This arrangement continued until the late 19th century, when the council considered proposals to refurbish the southeast tower, but, after some debate, they decided to demolish both the tower and the Collegiate Church of Saint-Évremont to make way for the new town hall. The church dated from the 12th century but, after it was placed under an interdict from the local bishop in the 18th century, it was no longer used. Construction work started with the demolition of the tower and the church in 1901. The new building was designed by Paul Heneux in the Gothic Revival style, built in ashlar stone and was officially opened by the mayor, Albert Dugué, on 7 June 1903.

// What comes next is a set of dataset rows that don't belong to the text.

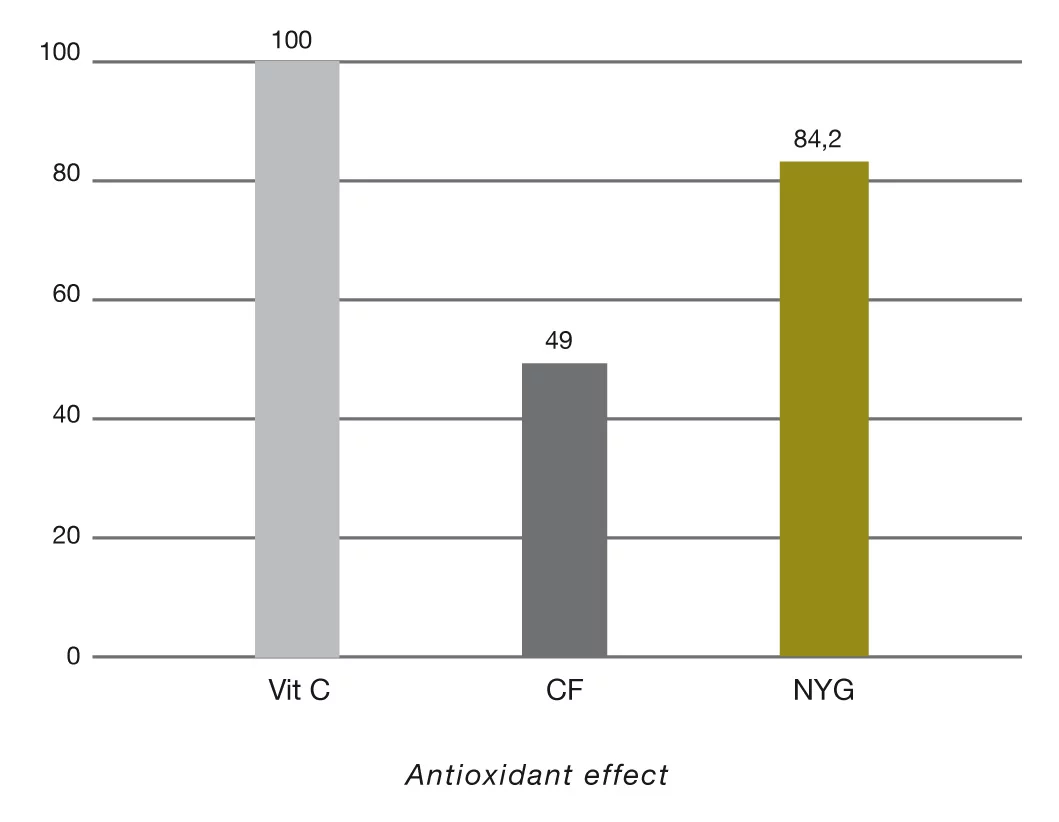 Chart showing the results of antioxidant testing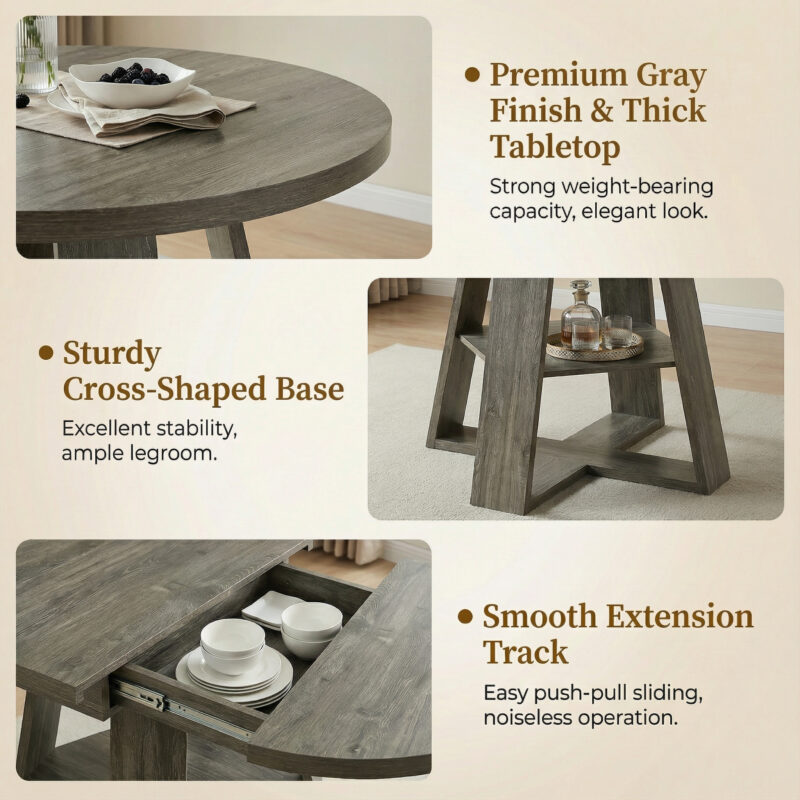 43.3in-59in Extendable Round Dining Table for 4-8,Modern Kitchen Oval Dining Table with Removable Leaves Space Saving,Wood Base with Storage Shelf for Kitchen Living Room - Image 18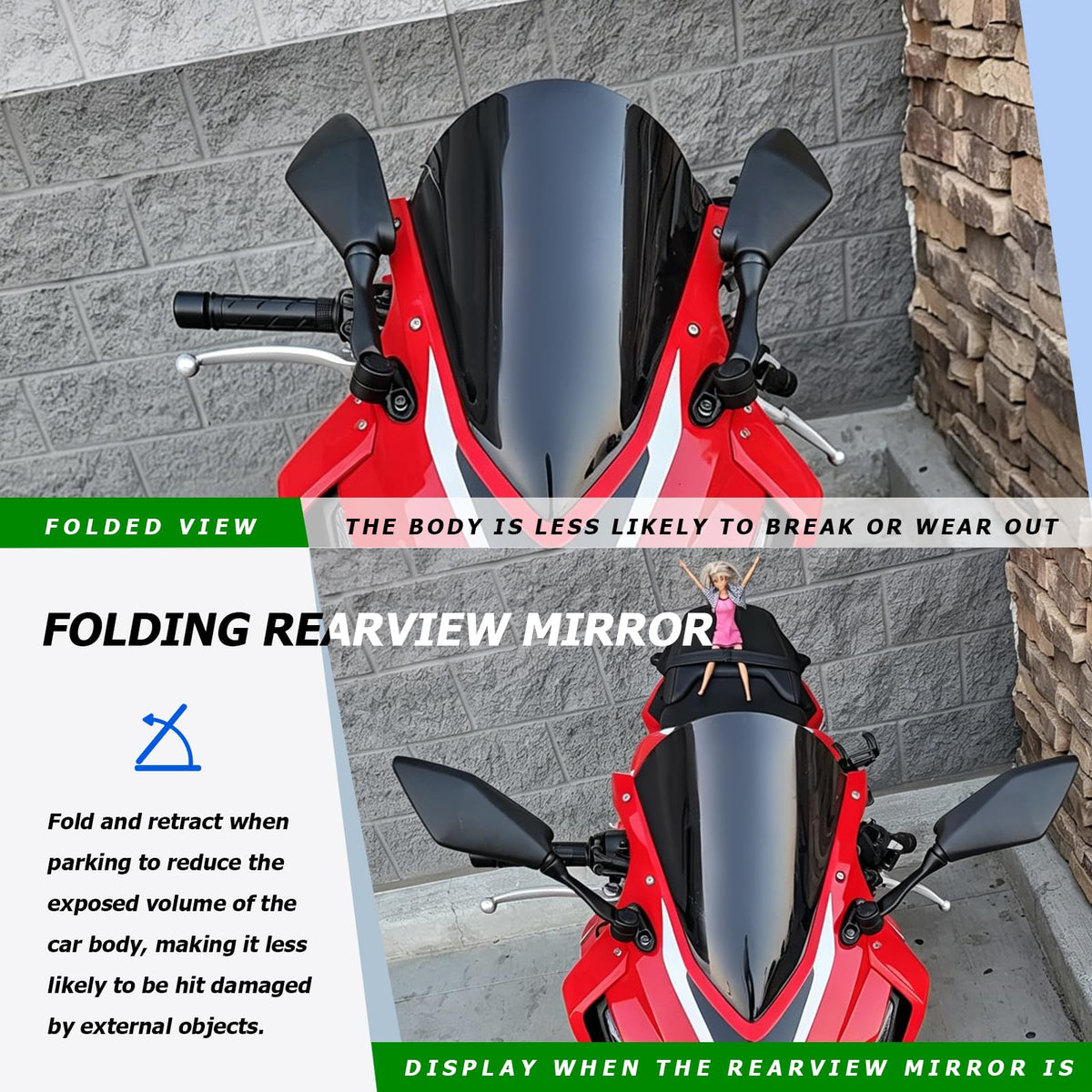 mokuo mounted on Ninja 400 left side demonstrating fit and visibility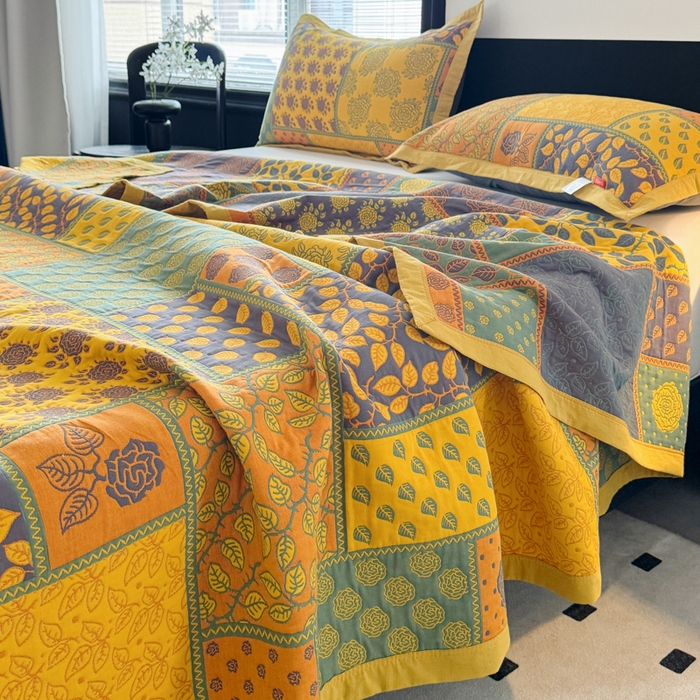 91家纺网 家纺一手货源 找家纺 七七家纺 2025新款新疆长绒棉盖毯 黄叶繁花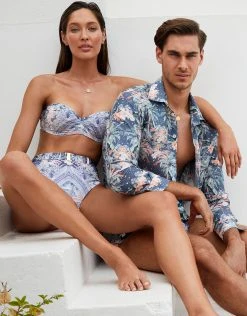 Aqua Blu Indianic Marilyn High Waist Bikini Pant - Floral -Pitusa Shop Aqua Blu Indianic 4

The design involved a symmetrical main frontage of eight bays facing onto what is now Place François Mitterrand, with the end bays slightly projected forward. The central two bays, which were also slightly projected forward, featured a short flight of steps leading up to a pair of round headed doorways with voussoirs and keystones on the ground floor, and two French doors with a balustraded balcony and a cornice on the first floor. The other bays were fenestrated by casement windows with cornices on the ground floor and by casement windows with hood moulds on the first floor. At roof level, there was an entablature, a modillioned cornice and a clock flanked by columns supporting a triangular pediment. Behind the clock, there was originally a square lantern, but this was later removed. Internally, the principal room was the Salle du Conseil (council chamber).

During the Second World War, a shorthand typist at the town hall, Hélène Vilatte, worked with the mayor, Jean Biondi, to produce false identity cards for the French Resistance. Biondi was later arrested and sent to Mauthausen concentration camp. The building was modernised and enlarged, with a large glass-clad extension at the rear, in 1962.